Pay Attention to the Threads

The thing about the mixtape is that it sets a mood, which means it is thematically curated, just in an unexpected way. It doesn’t follow the rules of the album, which often suggest large stylistic threads. That isn’t a bad thing, albums continue to exist for a reason, but so does breaking the rules.

With “Starfire,” Smith is breaking the rules. There are threads, just not the ones you’d expect from an album. While this means it’s easy to listen to from start to finish, this also means you can take chunks and use them to set the tone in a variety of situations. Like at bedtime with your youngest child.

About Getting a Child to Bed

She was being a terror, in full Hulk-mode, stomping about and making unreasonable demands. At least she wasn’t smashing things. Still, as I listened to “Starfire,” getting ready to start writing this review, I heard her over my earbuds, making her presence known

I went upstairs and found her in our bedroom, not her own. She was throwing a perfunctory tantrum at the head of the bed. I sat at the foot. I called her to me and she came reluctantly. I popped the right earbud into her ear as the title track, full of spitfire, played. She settled a bit. Then came “East Side Restaurant,” with its wistful, there it is again, mellowness. She relaxed into my chest. Then “Don’t Give Up on My Love.” It drives along, with lyrics way more serious than the moment the kid and I were sharing, but the balance between energy and desire to recline in the track was the perfect mix.
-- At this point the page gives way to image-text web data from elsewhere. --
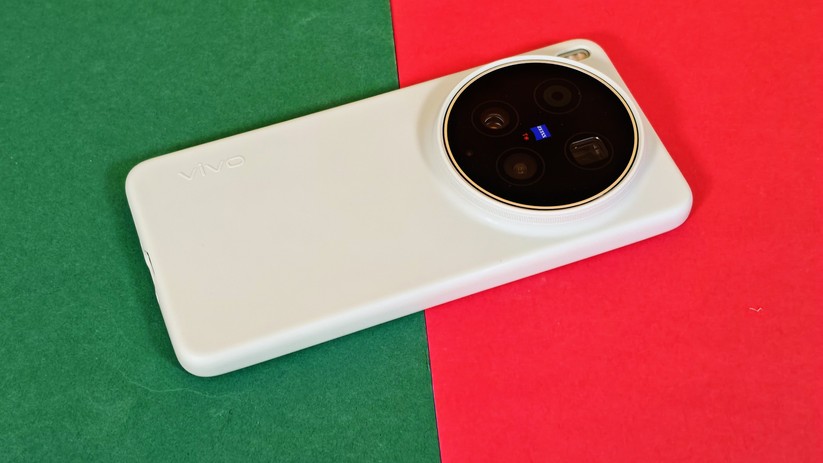 Vivo X300 Ultra mit Schutzhülle
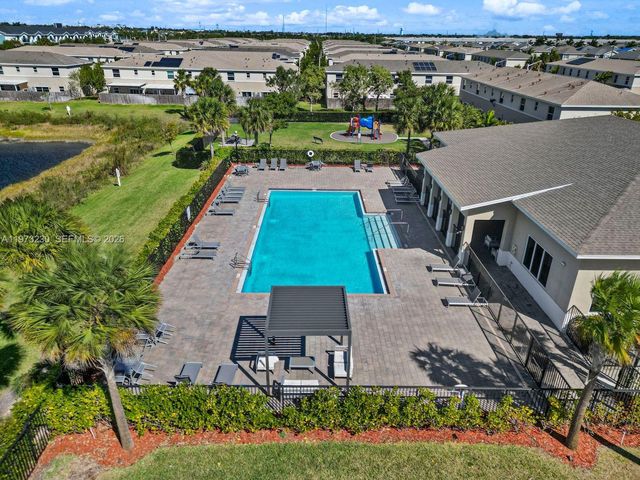 492 NE 4th Ln, Florida City, FL 33034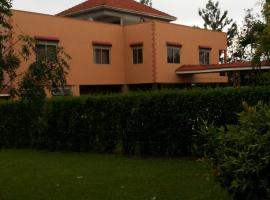 MakanHill Resort Hotel, Hotel in Mityana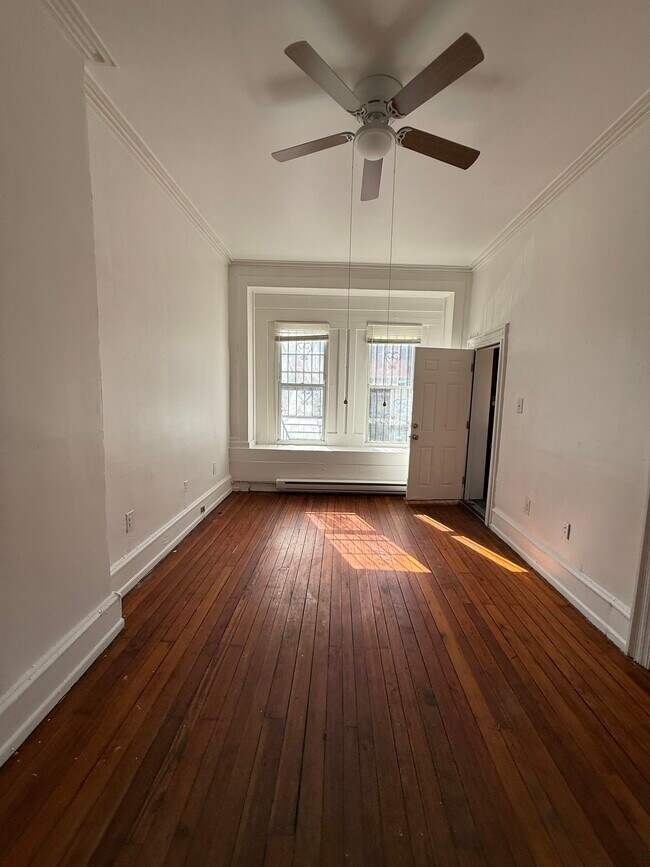 Foto del edificio - 2083 E Clearfield St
“Want to let me tuck you in now?” “Shoulders.” And up she went on my shoulders for a quick trip through the homestead, which is thematically related and curated if not perfectly logical and expected, before we arrive in her bedroom.

She crawled into her bed (she’s on the top bunk these days) and I followed, pulling out my remaining earbud as she began a freewheeling rendition of “Hush, Little Baby.” I scratched her back and she sang, then got quiet. Then rambled a little more. I continued scratching and her breaths got deep and regular. I slipped out, closing the door behind me. Mission accomplished.

Now, Where Were We?

I popped my earbuds back in and hit play, not needing to back up to some other point. I listened from where we’d stopped. I worked on this article, hit replay, kept typing, kept listening, brushing my teeth and washing my face, taking out my earbuds, hitting the hay.

Okay, maybe I typed that part, and this one too, first, but those other things definitely happened after I typed them. Throughout, I listened to “Starfire,” paying attention here and there, merely nodding in the background at other moments. As I hit replay a few times, and had listened to it more than a few times prior, I caught different things with each pass. A mood here, a lyric there. The voice and sensibilities always at the fore.

There is the album and there is the mixtape, but sometimes you want both. While you write and put a child to bed and brush your teeth and get ready to go to bed yourself, for example. Or maybe you want to brush your teeth and get ready for work and drive there. Let’s not limit ourselves here. With “Starfire,” Caitlyn Smith has us covered. It’s in the background, it’s in the foreground, it’s present. And it never leaves us in a lull, because it never gets in one, just as a good album shouldn’t.